Una clamorosa marcia indietro. È quella che ha dovuto fare il partito della premier Meloni, che aveva provato a inserire alla chetichella nel decreto Ilva, in discussione in Parlamento, un emendamento che toglieva diritti ai lavoratori e faceva un regalo alle aziende. Poco dopo, lo ha ritirato. Perché? “A causa dei tempi troppo stringenti di conversione del decreto Ilva fissati per il 25 agosto” è la versione ufficiale.

Levata di scudi

In realtà, contro l’articolo 9 bis del disegno di legge di conversione del decreto n. 92 2025 c’è stata una levata di scudi da parte di Cgil e Uil, dei partiti dell’opposizione, delle associazioni di giuristi, Comma 2 in testa, di Magistratura democratica.

Tutti concordi nel dire no a una norma che rendeva molto più difficile chiedere gli arretrati per i crediti da lavoro, cioè stipendi, indennità, ferie non godute, straordinari e altri trattamenti, era un grave attacco ai diritti dei lavoratori, avrebbe penalizzato 20 milioni di dipendenti.

Partita aperta

La partita, però, non è ancora chiusa. Il senatore di Fratelli d’Italia, capogruppo della commissione Industria a palazzo Madama Salvo Pogliese, che ha annunciato il ritiro dell’emendamento, nel comunicato ha aggiunto: “Ritengo opportuno che questo emendamento sia oggetto di un articolato dibattito in Commissione, data l'importanza e la delicatezza del tema. Verrà dunque ripresentato all’interno di un altro provvedimento legislativo con tempi più adeguati alla sua discussione". Non è cancellato quindi, ma momentaneamente accantonato.

“Questo dimostra che sebbene oggi abbiano ritirato l’emendamento, ci sia comunque l’intenzione di riproporne il contenuto in un altro provvedimento - afferma la segretaria confederale della Cgil Maria Grazia Gabrielli -. Troveranno la nostra opposizione. Le valutazioni restano le stesse, negative. Peraltro l’emendamento era stato inserito in un contesto normativo che dovrebbe avere la finalità di salvare posti di lavoro e supportare segmenti produttivi, dall’Ilva al tessile, mentre la norma ritirata voleva rendere sempre più difficile la tutela dei salari in tutti i casi di crediti retributivi nei confronti del datore”.

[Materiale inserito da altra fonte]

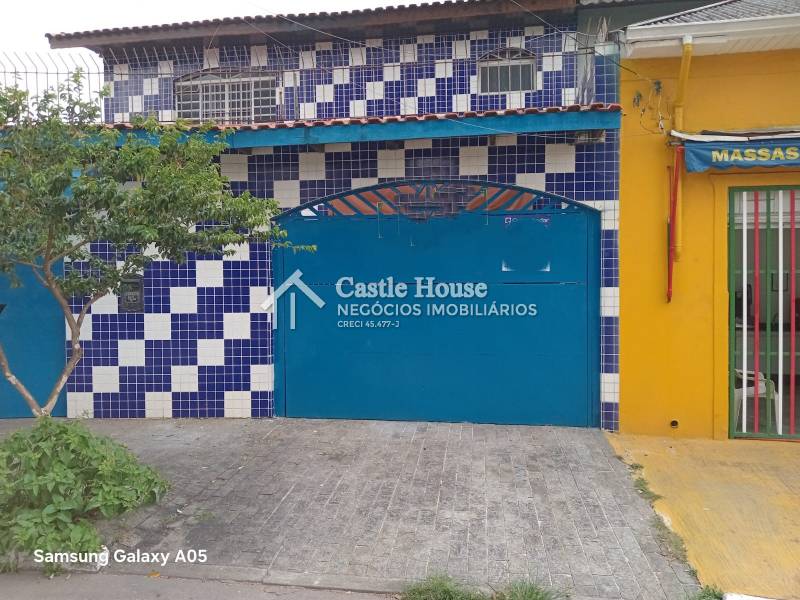 Sobrado venda Vila Moinho Velho - Referência CH40651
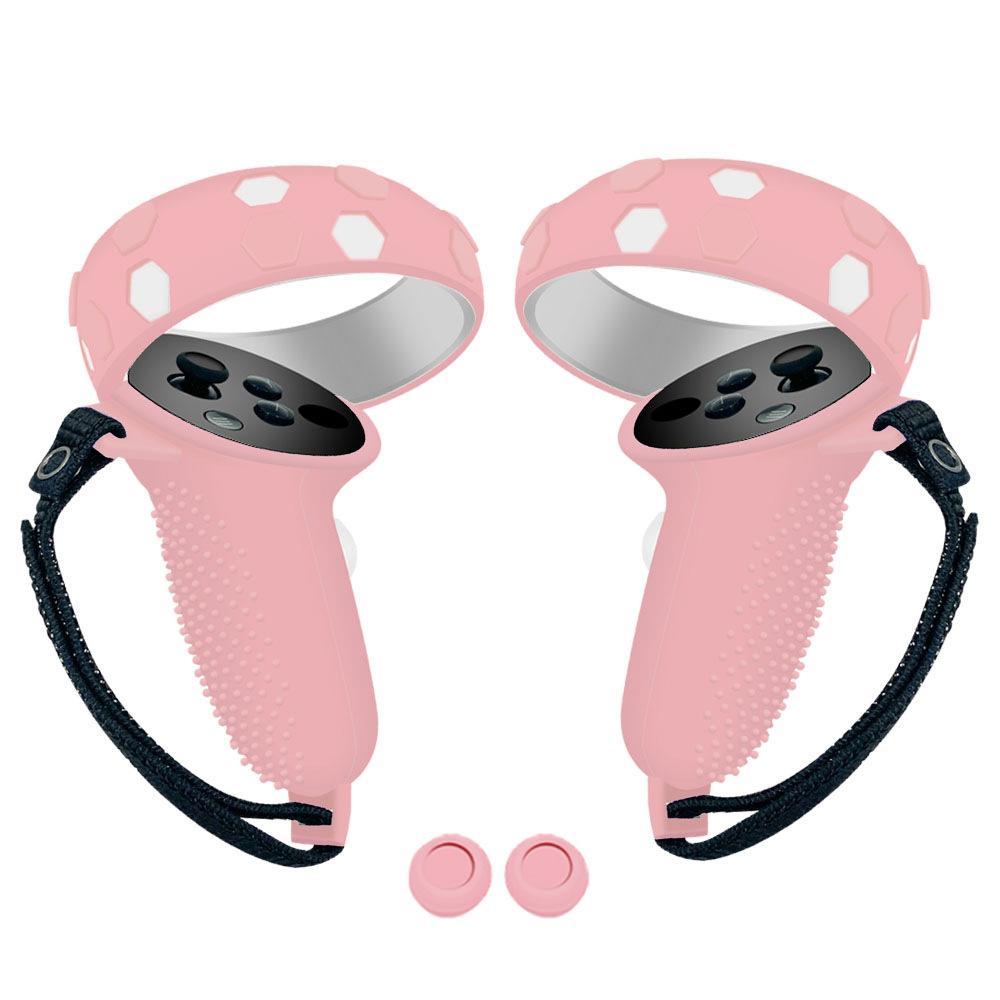 Ochranný kryt pro Oculus Quest 2 VR Touch Controller Silikonový kryt Skin Handle Grip pro Oculus Quest 2 VR příslušenství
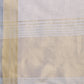 Shree Shyam Fashion Grey Organza Woven Zari Work Traditional Tassel Saree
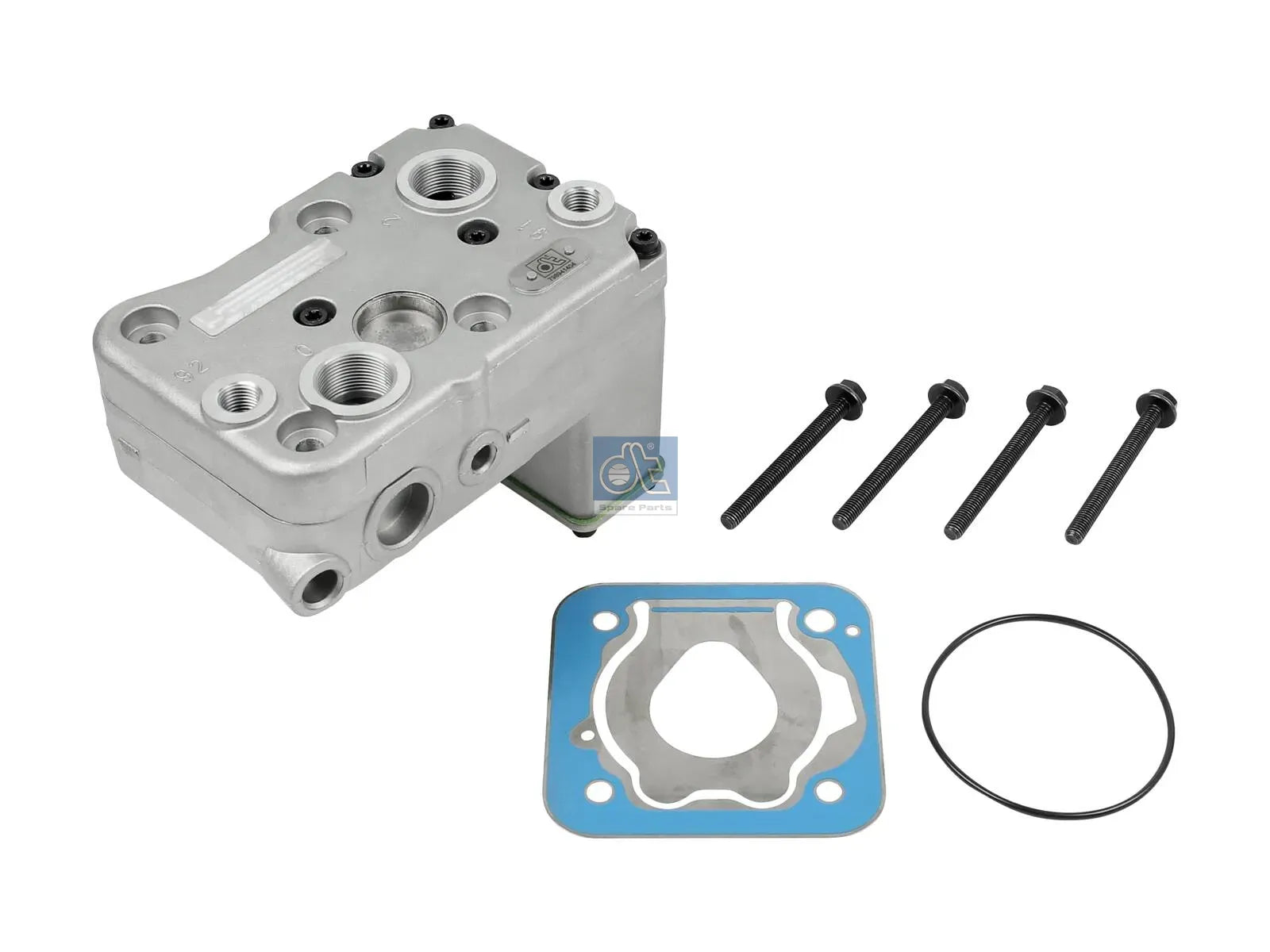 Cylinder head, compressor, complete DT Spare Parts 3.75018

I termini della prescrizione

L’emendamento rendeva molto più difficile chiedere gli arretrati per i crediti da lavoro, cioè stipendi, indennità, ferie non godute, straordinari e altri trattamenti. Come? Cambiando i termini della prescrizione. Oggi i lavoratori possono agire in tribunale entro cinque anni dalla cessazione del rapporto per chiedere ciò che gli spetta e che il datore non ha corrisposto. Con la norma che era stata proposta, il conteggio dei cinque anni sarebbe scattato durante il rapporto di lavoro.

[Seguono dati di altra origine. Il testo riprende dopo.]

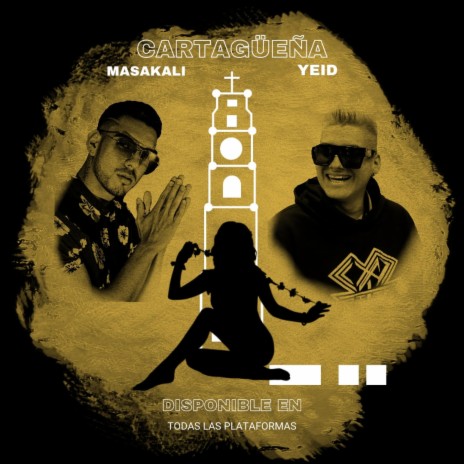Cartagüeña ft. MASAKALI | Boomplay Music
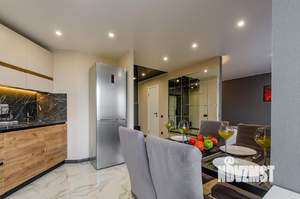 1-к квартира, посуточно, 50м2, 1/1 этаж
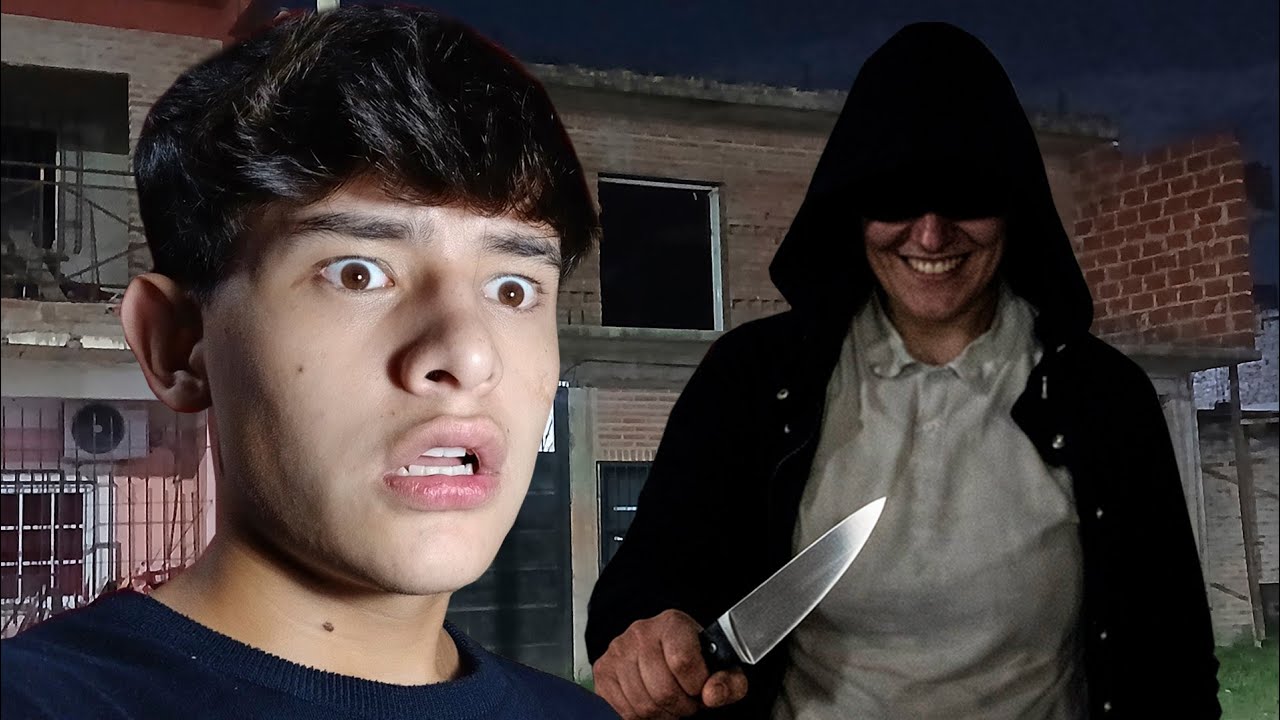 CASI MUERO EN LA CASA DE ENFRENTE
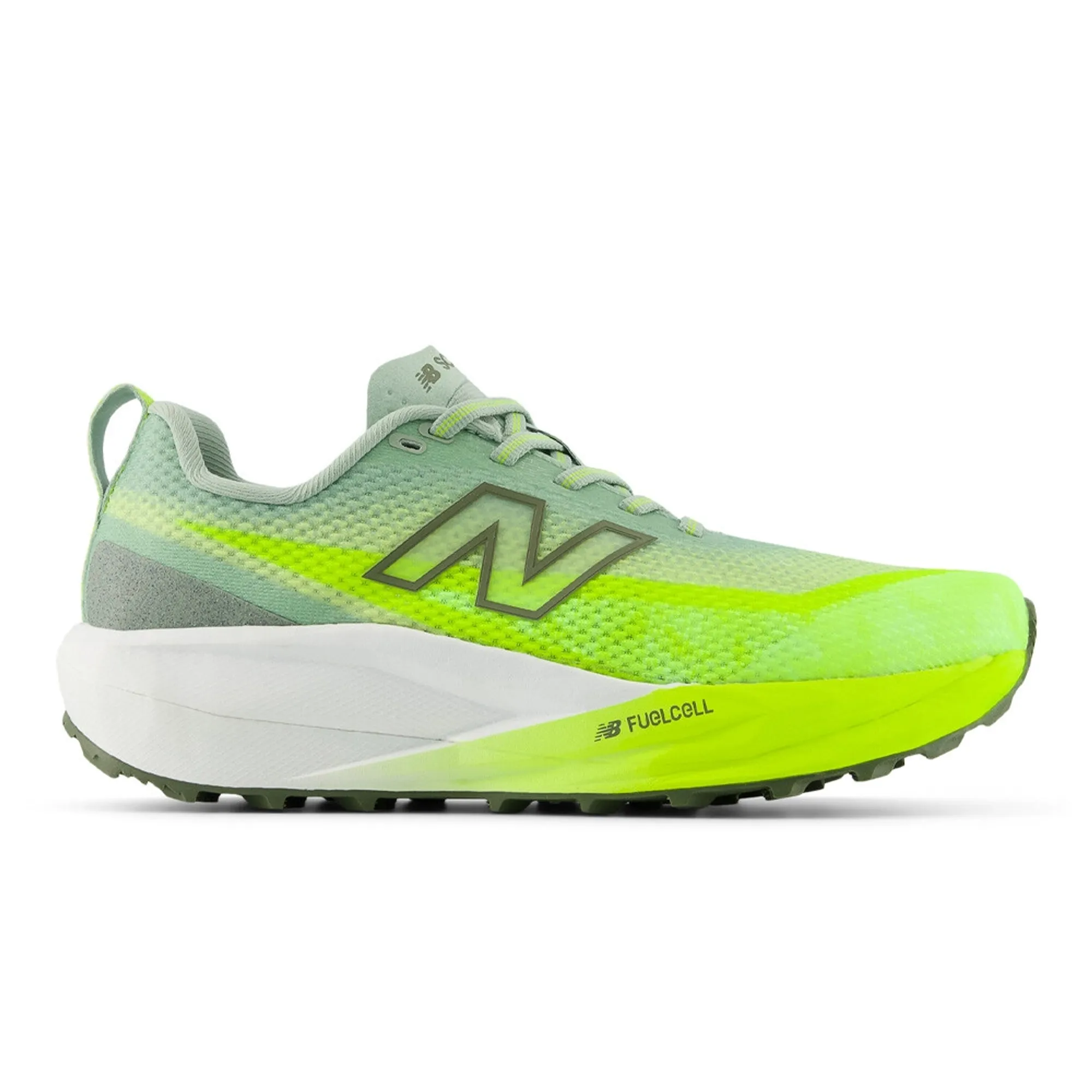 New Balance Women's SuperComp Trail v2 in Green Synthetic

Sembrano dettagli ma non lo sono. Potete Immaginare? Fare causa al vostro datore perché non vi ha corrisposto gli straordinari oppure non ha riconosciuto in busta paga certe indennità, mentre ancora lavorate per lui?

Come tornare al padronato

“È un intervento che suscita, più che dubbi o contrarietà, vero sconcerto: nel merito e nel metodo – ha scritto Magistratura democratica -. I lavoratori, per vedere riconosciuto un loro diritto, dovrebbero essere costretti ad agire in giudizio contro il loro datore di lavoro anche mentre ne sono ancora dipendenti, per di più entro limiti temporali molto ristretti. Rendere difficile contestare le scelte di chi comanda sul lavoro, impaurire, rendere rassegnati, far piegare la schiena. Cioè tornare al ‘padronato’ di decenni orsono, quello che ha sempre resistito alla Costituzione e alla dignità del lavoro e dei lavoratori”.

Attacco ai diritti

La norma ritirata prevedeva anche che se un lavoratore inviava una lettera al datore per rivendicare i suoi crediti, sarebbe stato costretto ad agire in giudizio entro 180 giorni dalla lettera, a prescindere dai cinque anni di prescrizione, altrimenti sui suoi crediti sarebbe intervenuta la decadenza. Un altro modo per mettere fretta e soggezione al lavoratore. Infine rendeva più convenienti i cosiddetti contratti pirata.

“L’emendamento si collocava dentro quella che ormai è una strategia d’intervento complessiva che punta a demolire importanti ambiti delle tutele lavoristiche, utilizzando ogni veicolo legislativo – conclude Gabrielli -. E costituiva l'ennesimo attacco alla magistratura, ponendosi in contrasto con le sentenze della Corte di Cassazione che negli ultimi anni, in tema di prescrizione ed equa retribuzione, avevano stabilito l'esatto contrario di quanto previsto dall’emendamento”.